Q: What is your area of research?
A: My research is, broadly speaking, in math, and specifically in group theory, which is a technical term referring to the collection of symmetries of an object. More precisely, I study the geometry of groups. What we are able to do through this study is to be able to distinguish them or say when they are equal. I might have an object that has some kinds of symmetries, and then I might have a different object. And I could ask, are those groups the same? Even though the objects may be different, are the group of symmetries of those objects actually the same, or are they different? By pulling the symmetry of the object to the symmetry of the group, we’re able to use other mathematical techniques, such as those from areas like calculus or algebra.
Q: How would you describe your teaching style?
A: I don’t know if you’re familiar with the mathematical term of an axiom, but in math, we use logic to deduce truths. The axioms are the fundamental pieces that we take for granted as an assumption that from there, we deduce theorems. The mathematician Federico Ardila and his collaborators made these axioms about teaching and learning mathematics, and they’re really beautiful. There are four of them, and the fourth one is that every student deserves to be treated with dignity and respect. Something that I try to do in my teaching is to really connect with students, listen to them, and let them be the focus of the interaction. Oftentimes, we’re lecturing because it is an efficient form of communication, but it focuses on one person saying I’m an expert, I am imparting on you my wisdom, and it’s up to you to parse what I’m saying rather than really developing relationships with the students so that they feel comfortable and confident to ask questions — that they won’t be ridiculed, no matter what the question. I focus on getting to know the students, listening to them, figuring out through their questions how I can communicate more effectively, instead of just assuming that I have perfected it and there’s nothing more I need to do. There’s always room for improvement.
Q: What excites you most about helping students learn?

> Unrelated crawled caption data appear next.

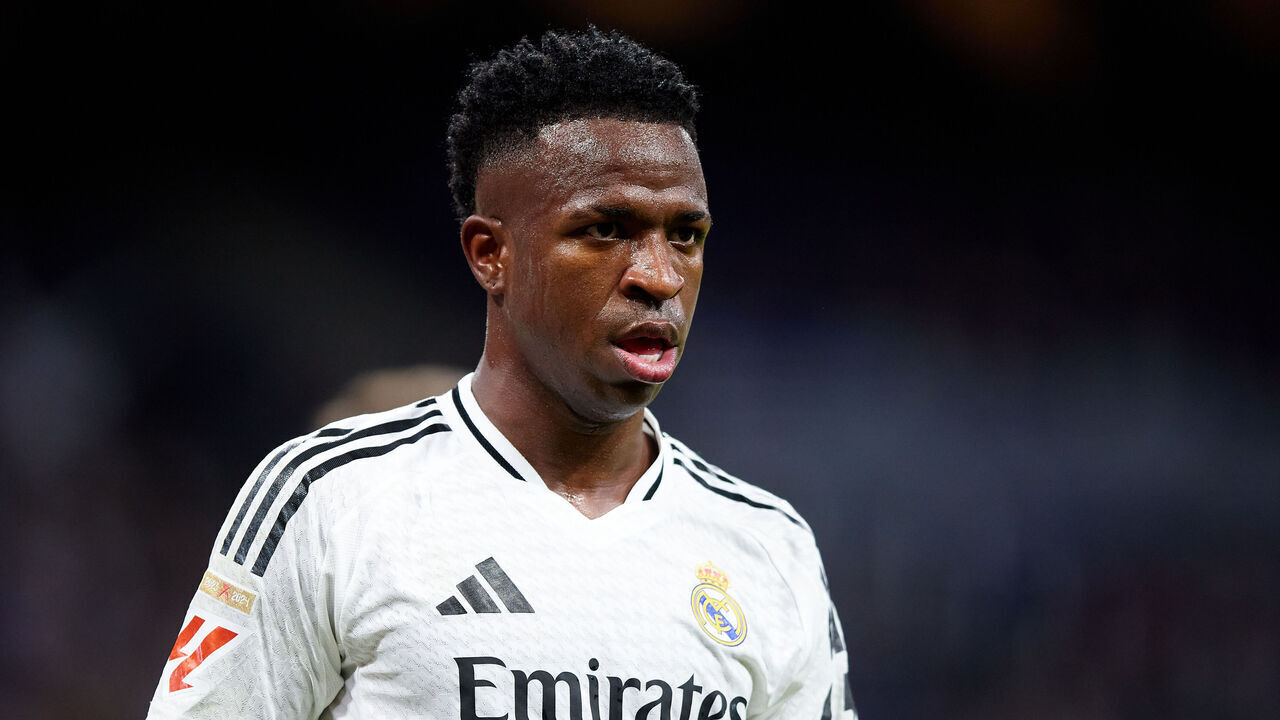 MADRID, SPAIN - SEPTEMBER 24: Vinicius Junior of Real Madrid looks on during the LaLiga match between Real Madrid CF and Deportivo Alaves at Estadio Santiago Bernabeu on September 24, 2024 in Madrid, Spain.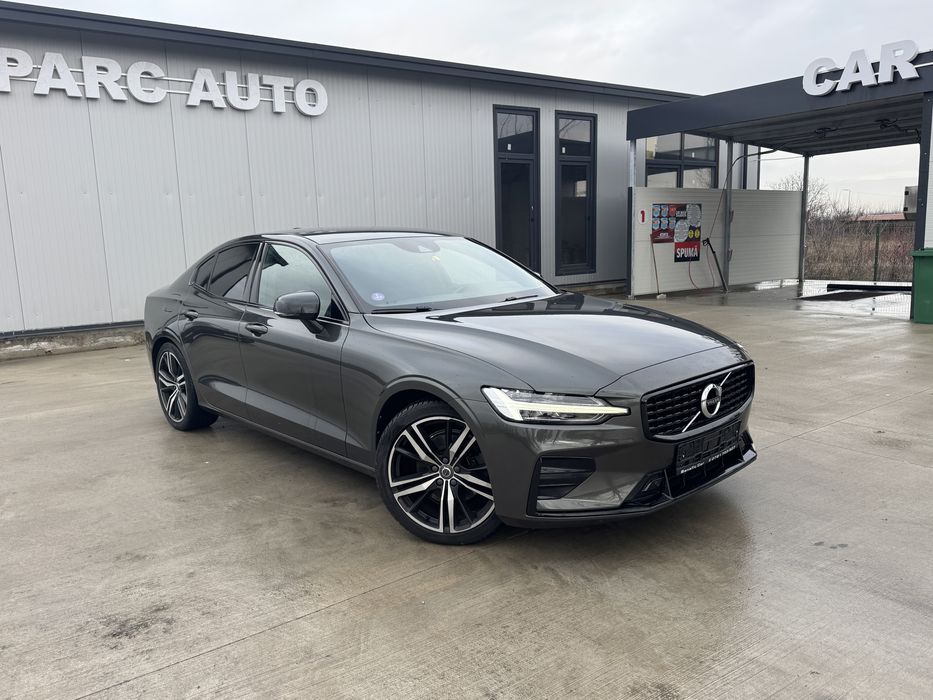 Volvo S60 2022 R design/distronic/camera/keyless/led/lane/side/sc comf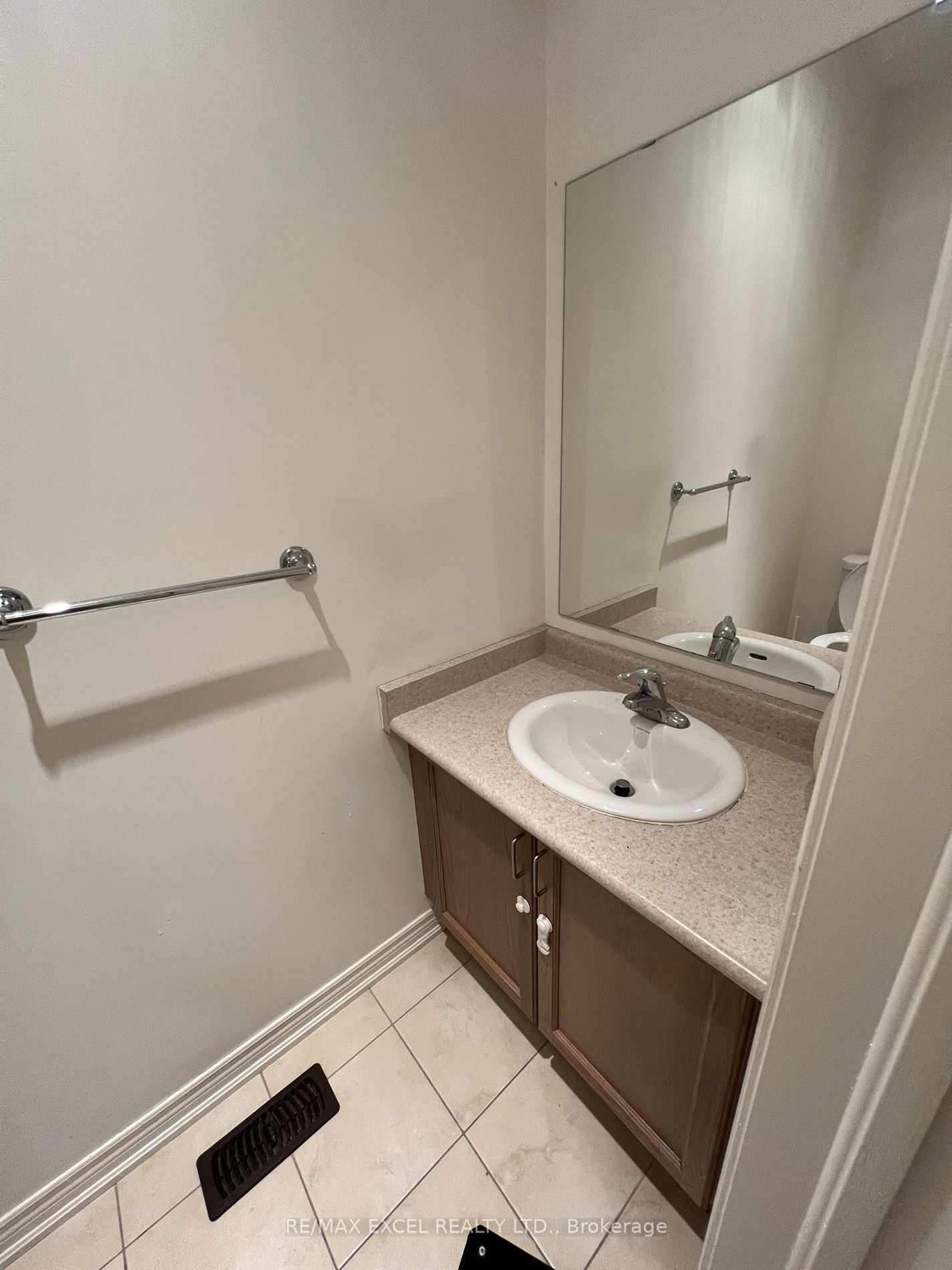 69 Holst Ave Property Photo 11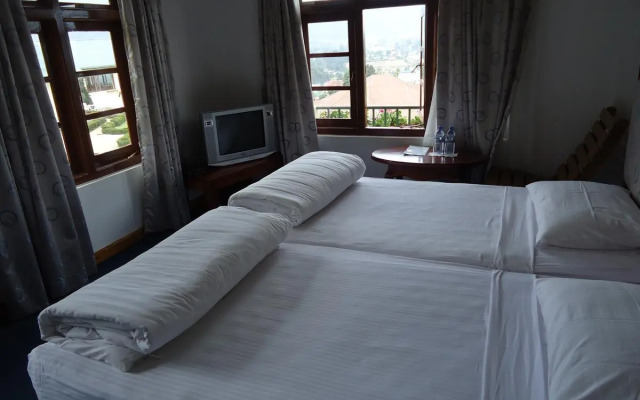 Tea Bush Hotel - Nuwara Eliya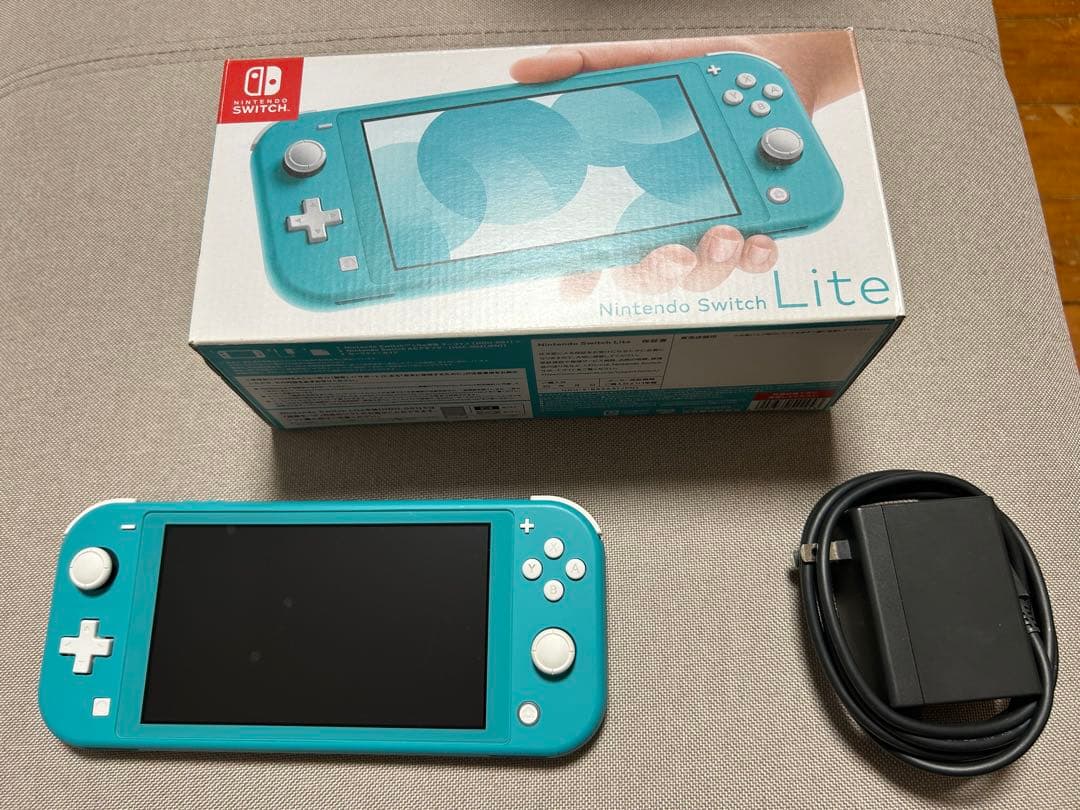 Nintendo SwitchLite コーラルブルー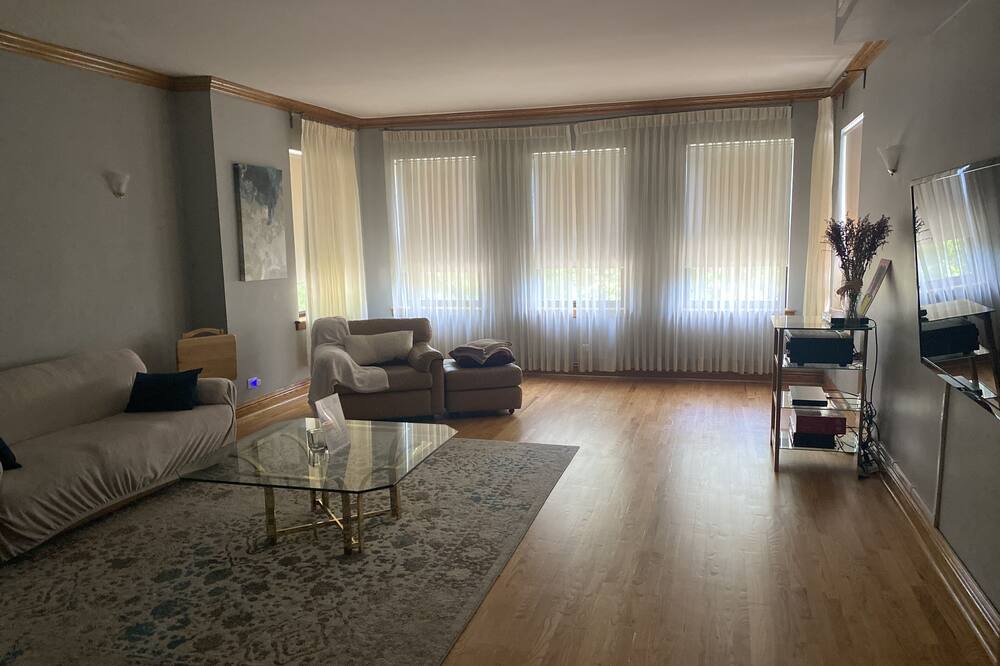 Photo of Livingroom in Chatham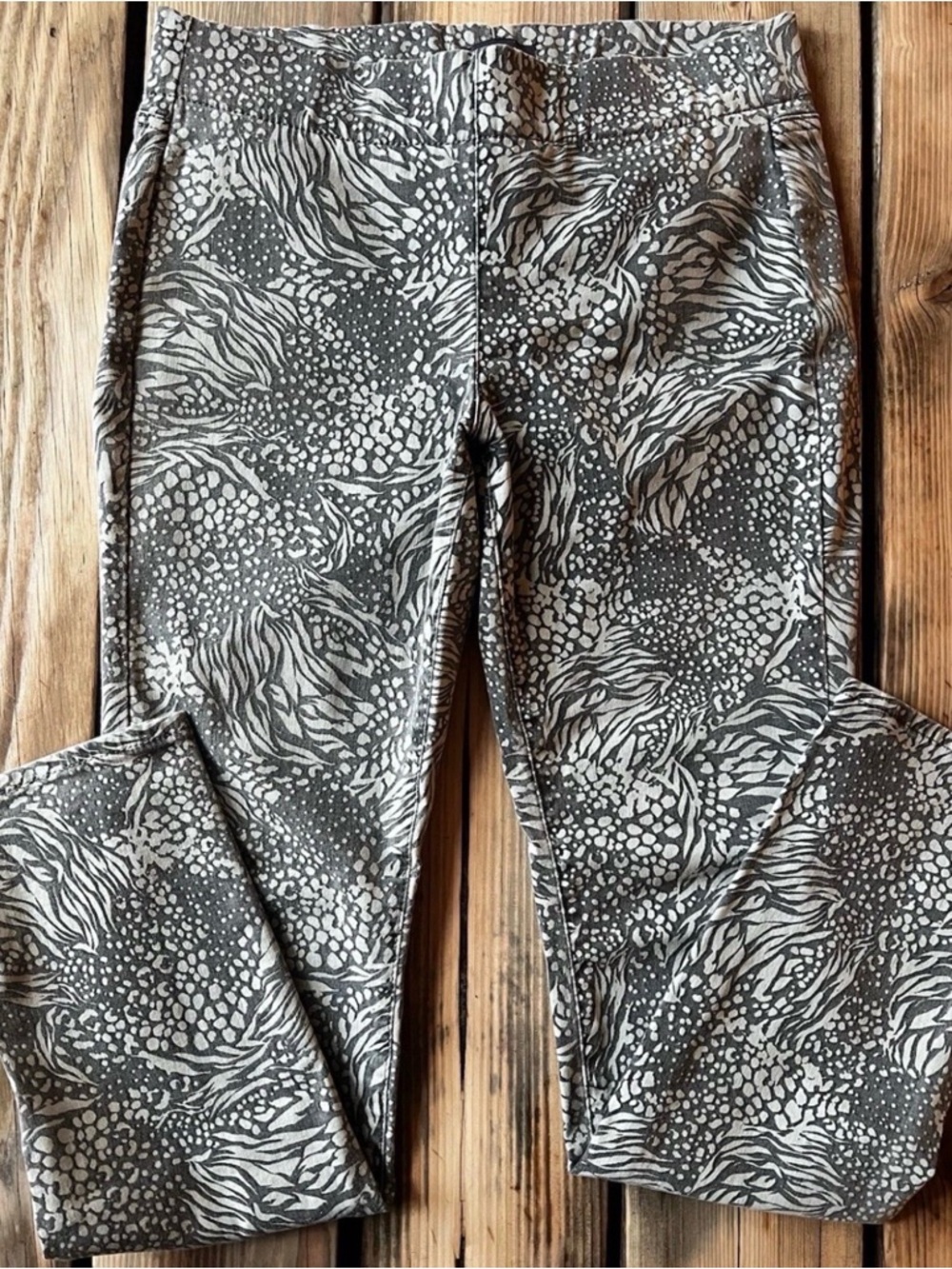 Nydj Pull-On Shadow Animal Charcoal Skinny Jean Women's Size 2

A: On a fundamental level, I think mathematics education is about two things: truth and equality. I’ve realized that, for example, some students don’t understand that 0.99999 is not the same as 1. As long as I have finitely many nines, that is never equal to one. I realized that the very fundamental notion of equality is so fuzzy in many students’ minds. That, I think, has real social and even political implications. Secondly, it’s about what truth is. Of course, in the real world, there’s room for ambiguity. In math, certain things are just true or false. I think the skills and logic that allow them to evaluate equality, or lack thereof, and truth versus falsehood are two fundamental skills that I want all my students to carry away from my courses.